With every yearly edition, the Report has recorded an increasing number of economies reaching parity in educational enrolment, reflecting major investments in educational gender parity paying off in most parts of the world. Since 2006, countries such as Latvia, Botswana, Nicaragua, Slovak Republic, Costa Rica, Canada, United States and Iceland have fully closed their Educational Attainment gender gaps. However, of the 144 countries in this year’s Index, 17 have remaining education gender gaps wider than 10% and eight record gaps wider than 20%. The list of countries underperforming on this subindex is dominated by those from lower-income groups, indicating specific barriers to evenly educating their populations. Still, some low-income countries outperform their more affluent peers. Notably, Nepal, Zimbabwe and Rwanda have closed more than 90% of their education gender gaps, with Nepal closing a significant 18% in the past 11 years.
Most of the 107 countries covered since the inception of the Report have made strong progress on education. India, Pakistan, Ethiopia and Saudi Arabia are among those countries showing strong gains in the 11 years since 2006, with varying starting points. Some of the lowest-ranked countries on this dimension, such as Yemen and Chad, have similarly closed their education gender gaps by 16% and 15%, respectively, over this period, although they continue to lag behind due to their low starting point. In the case of Chad, the country had closed 47% of its education gender gap in 2006 but has now closed almost 60%. The outliers are countries such as Nigeria and Angola which continue to have relatively wide education gender gaps, and have hardly improved for more than a decade.
North America has completely closed its education gender gap. If all things remain equal, Latin America and the Caribbean as well as South Asia are expected to close their education gender gaps in the next five years. Ten years from now, the Middle East and North Africa region should see its education gender gap narrow to a close. East Asia and the Pacific and Sub-Saharan Africa will close their education gender gaps in 21 and 33 years respectively, while Eastern Europe and Central Asia boast a much slower rate of change, projecting the time of education parity to be 87 years. The real concern remains Western Europe, which despite its high performance has seen decline rather than improvement over the past 11 years.

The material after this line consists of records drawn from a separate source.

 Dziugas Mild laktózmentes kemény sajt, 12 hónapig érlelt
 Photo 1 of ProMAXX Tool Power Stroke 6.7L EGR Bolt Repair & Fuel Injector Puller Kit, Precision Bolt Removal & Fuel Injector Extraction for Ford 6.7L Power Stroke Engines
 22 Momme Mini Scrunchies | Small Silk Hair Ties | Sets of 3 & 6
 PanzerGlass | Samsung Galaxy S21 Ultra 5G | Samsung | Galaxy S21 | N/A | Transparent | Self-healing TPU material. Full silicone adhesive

Economic Participation and Opportunity
Globally, 54% of working-age women take part in the in the formal economy, on average, as compared to 81% of men. Women make up a larger proportion of discouraged job seekers and of those outside the labour force; and, on average, women’s unemployment rate is nearly 2% higher globally. Women work three times as often as men as contributing family workers in family enterprises, and are almost twice more likely to work part-time.
Education gains have not always translated into economic gains for women. Even though there is near gender parity in employment for professional and technical workers, reflecting in part the equal education and skills levels among women and men with tertiary education, women hold less than a third of senior roles.

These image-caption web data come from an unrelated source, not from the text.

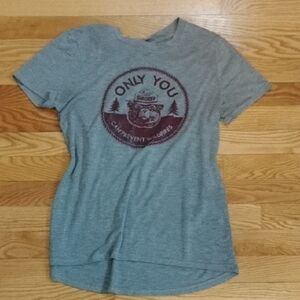 Gray Graphic Women's T-Shirt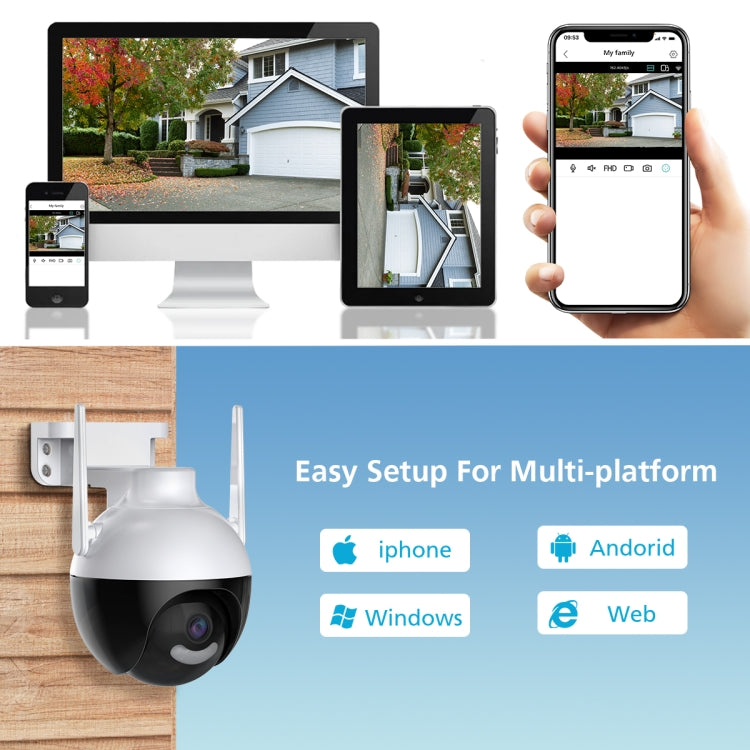 A18 4MP HD Wireless WiFi Smart Surveillance Camera, Specification:AU Plug, EU Plug, US Plug, UK Plug, AU Plug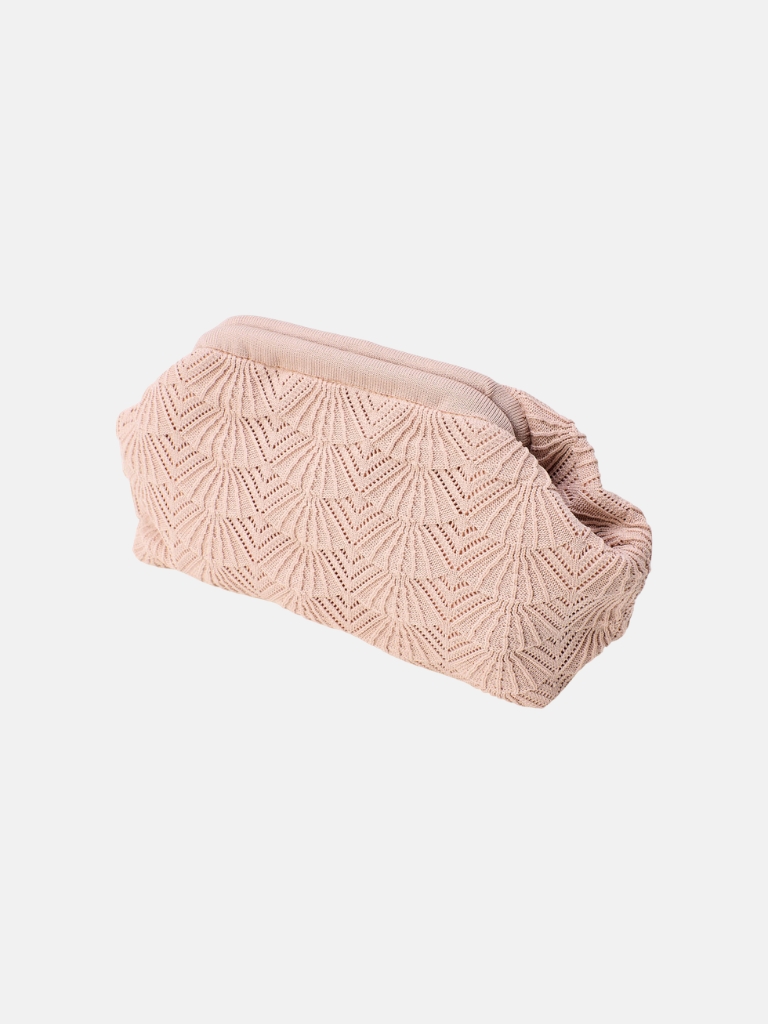 Pico Tasche Shelly Clutch Bag, Oyster Pink color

Existing data benchmarking women’s economic leadership roles is uneven in coverage and more should be done to fill existing gaps in knowledge.26 Based on what is currently known, average female representation on boards is 14%, and only in five countries have women broken the 30% participation threshold: Iceland, Norway, France, Latvia and Finland. In addition, only 16 countries have a firm ecosystem in which more than 50% of firms have any female participation in firm ownership. Notable performers include the Philippines, China, Nicaragua, Bahamas, Botswana, Sweden and Brazil.
There also continues to be a persistent wage gap in paid work. Women’s average earnings are almost half those of men, with average global earned income for women and men estimated at $10,778 and $19,873, respectively. Countries that perform well in this dimension of gender parity span all regional and income groups. Slovenia, Norway and Sweden are some of the most gender-equal economies among high-income countries. Botswana and Thailand exhibit the highest income parity among upper-middle income countries. Vietnam, Lao PDR and Ghana have narrowed their income gender gaps the most among the lower-middle income country group. Mozambique, Tanzania and Rwanda lead among the low-income countries, having closed over 80% of their estimated earned income gender gaps. On the other end of the scale, countries such as Bahrain, United Arab Emirates, Saudi Arabia and Korea, Rep. have high national income, but income gaps of over 50%.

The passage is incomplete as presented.